■ **WORK ORDER**
Copy only what lies from the line containing "ブルームーンネイルズ(BLO" through the line containing "前歯のデコボコと奥歯のクロスバイト　インビザラインで改善 治療前" in the entries below, keeping both end lines exact and dropping every picture.

■ **RECORDS FOR THE EXERCISE**
* * * * *

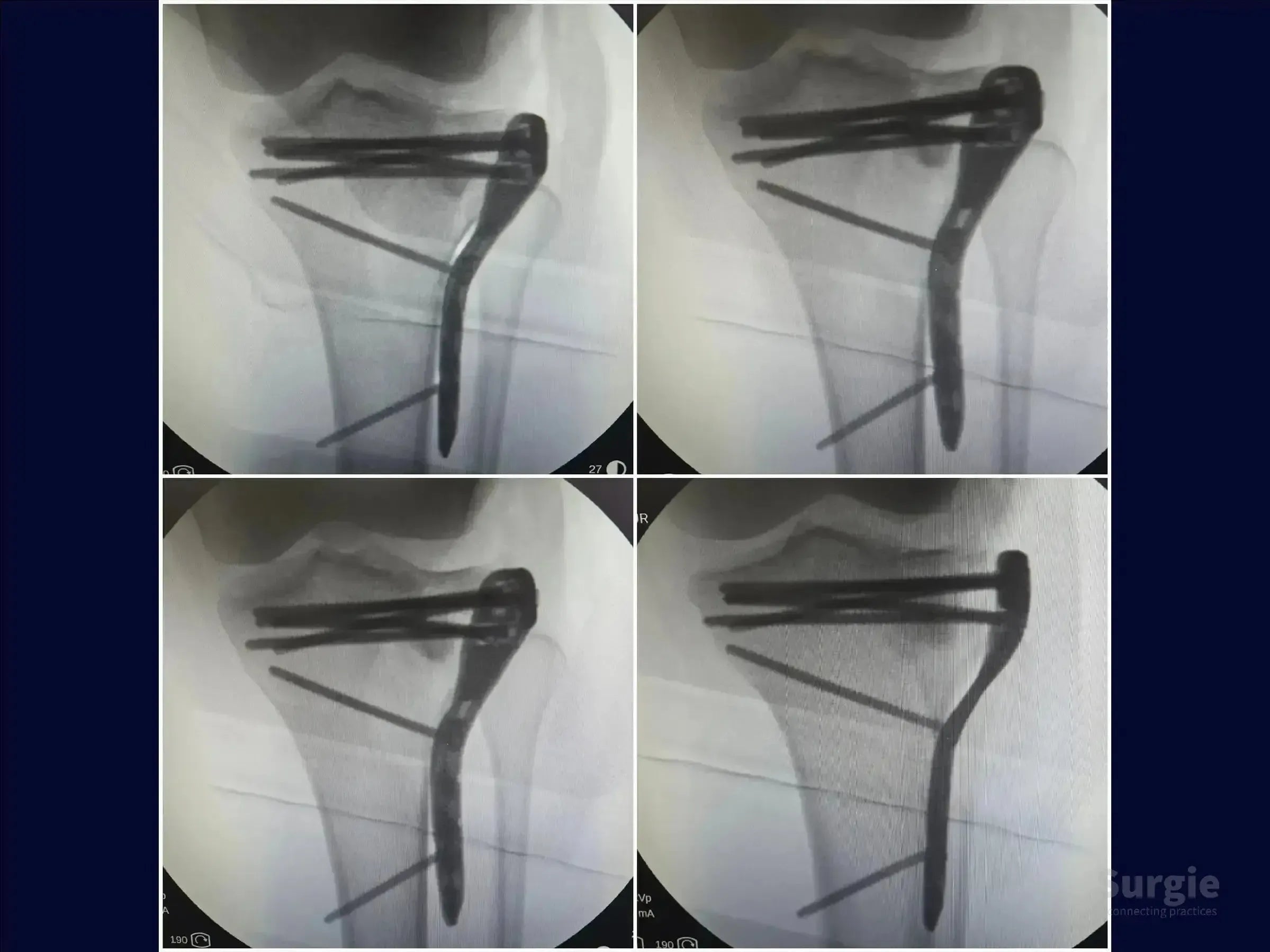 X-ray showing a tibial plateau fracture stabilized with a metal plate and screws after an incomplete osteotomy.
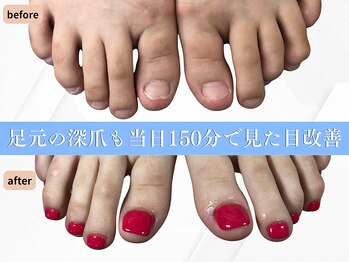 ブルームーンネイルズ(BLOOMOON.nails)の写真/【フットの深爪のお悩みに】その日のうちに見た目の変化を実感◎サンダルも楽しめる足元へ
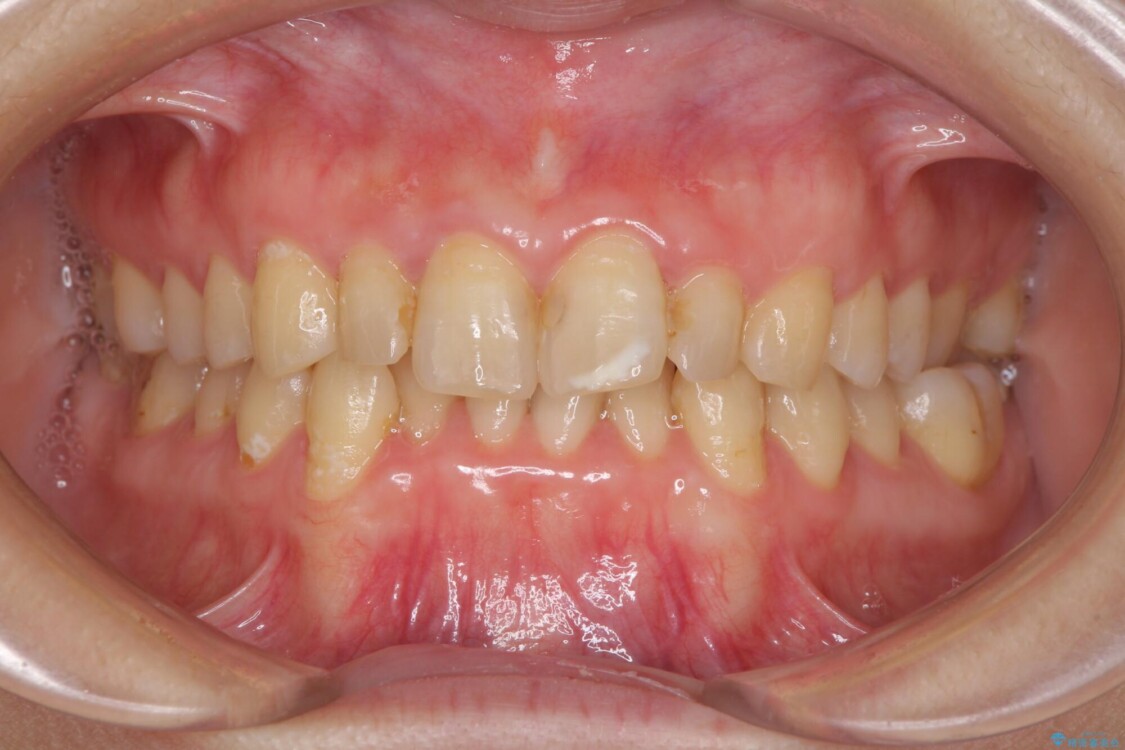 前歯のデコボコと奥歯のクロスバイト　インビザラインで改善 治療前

* * * * *

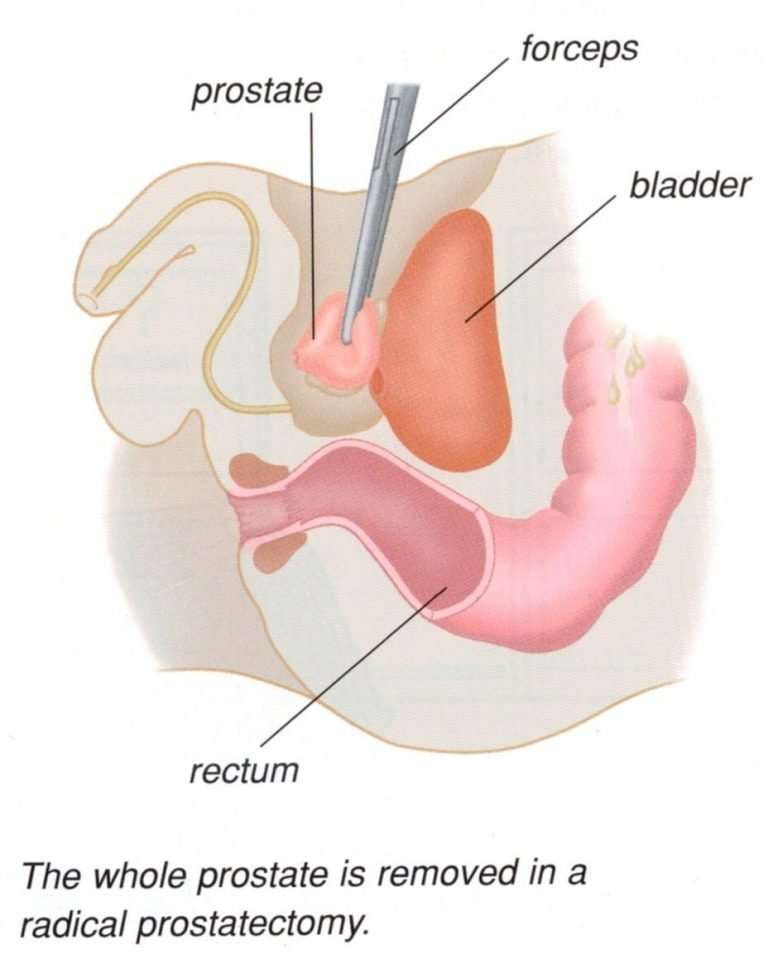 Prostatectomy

* * * * *

■ **TASK RESULT**
 ブルームーンネイルズ(BLOOMOON.nails)の写真/【フットの深爪のお悩みに】その日のうちに見た目の変化を実感◎サンダルも楽しめる足元へ
 前歯のデコボコと奥歯のクロスバイト　インビザラインで改善 治療前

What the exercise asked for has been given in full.